▶ **What to produce**:
Of all the lines in the entries below, give again exactly those starting at the line containing "The Texas Rowing" and ending at the line containing "Lens: Canon EF 300mm f/2.8 L IS", both ends included, and no others.

━━━ Supplied entries

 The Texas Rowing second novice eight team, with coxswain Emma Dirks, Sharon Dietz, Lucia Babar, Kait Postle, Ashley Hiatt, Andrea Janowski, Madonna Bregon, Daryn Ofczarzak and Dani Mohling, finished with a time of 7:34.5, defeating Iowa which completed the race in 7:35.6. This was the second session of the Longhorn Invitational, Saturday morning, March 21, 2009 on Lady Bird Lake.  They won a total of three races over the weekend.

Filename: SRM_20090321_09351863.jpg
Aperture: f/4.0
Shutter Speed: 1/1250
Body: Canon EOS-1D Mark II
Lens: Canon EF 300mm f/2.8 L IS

━━━━━━
━━━ Supplied entries

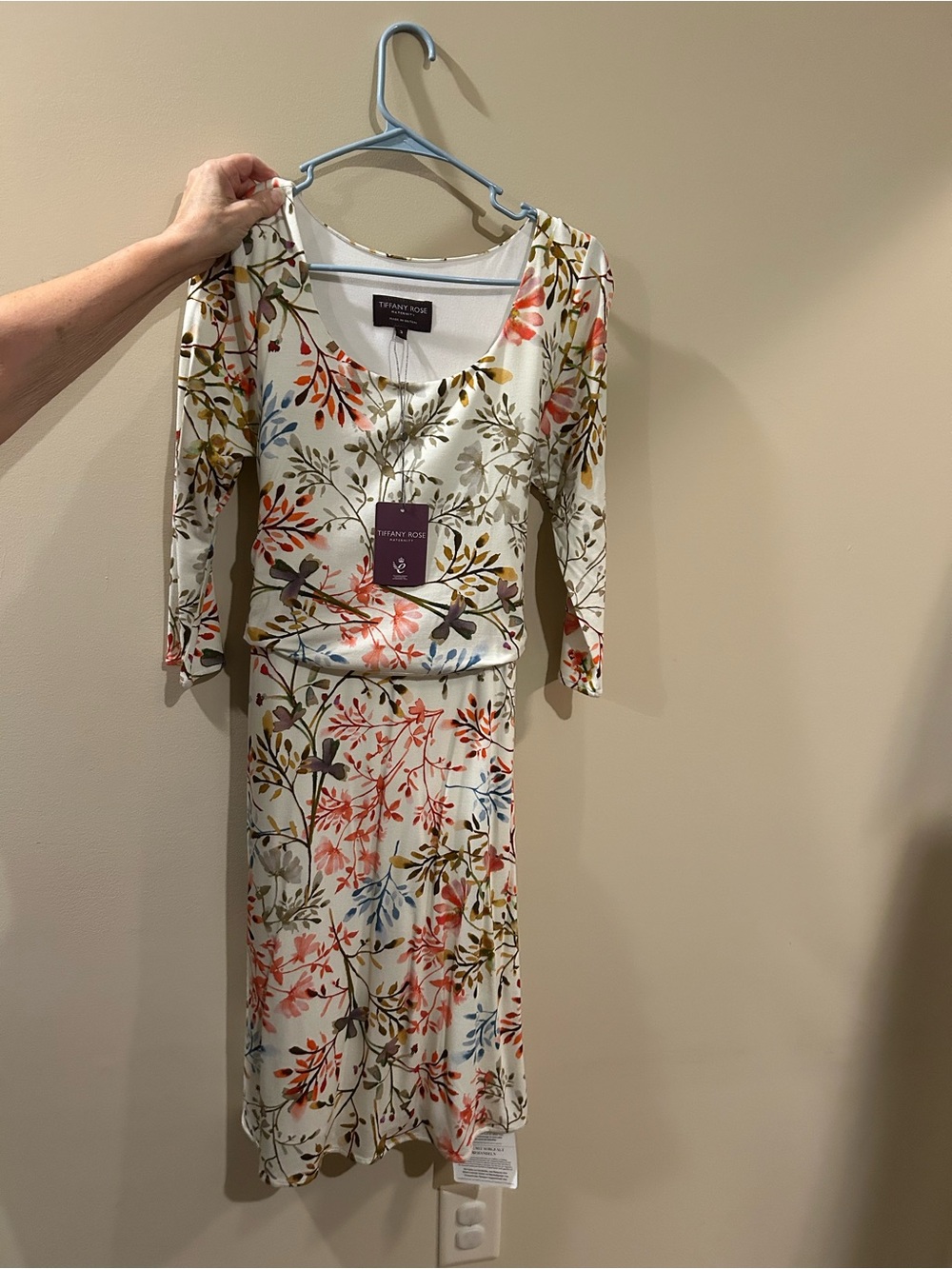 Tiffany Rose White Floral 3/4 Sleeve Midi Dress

━━━━━━
━━━ Supplied entries

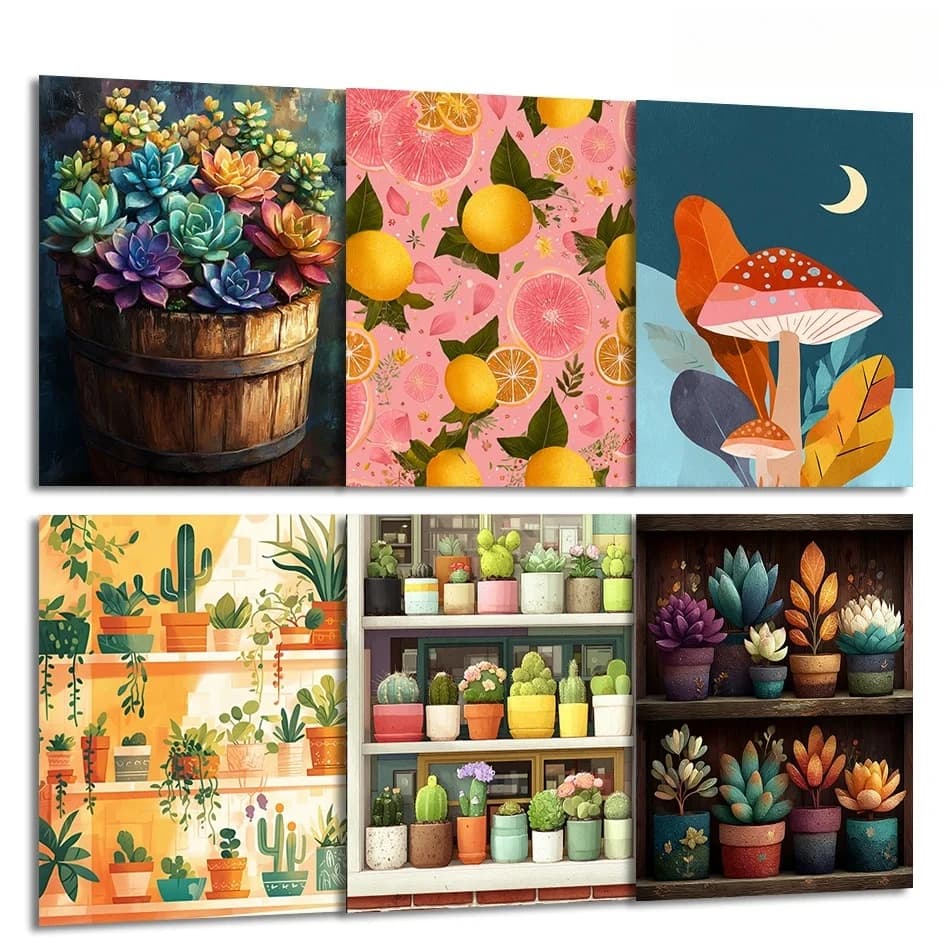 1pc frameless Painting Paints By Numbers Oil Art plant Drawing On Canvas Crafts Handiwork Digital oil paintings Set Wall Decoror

━━━━━━

▶ **Written response**:
 The Texas Rowing second novice eight team, with coxswain Emma Dirks, Sharon Dietz, Lucia Babar, Kait Postle, Ashley Hiatt, Andrea Janowski, Madonna Bregon, Daryn Ofczarzak and Dani Mohling, finished with a time of 7:34.5, defeating Iowa which completed the race in 7:35.6. This was the second session of the Longhorn Invitational, Saturday morning, March 21, 2009 on Lady Bird Lake.  They won a total of three races over the weekend.

Filename: SRM_20090321_09351863.jpg
Aperture: f/4.0
Shutter Speed: 1/1250
Body: Canon EOS-1D Mark II
Lens: Canon EF 300mm f/2.8 L IS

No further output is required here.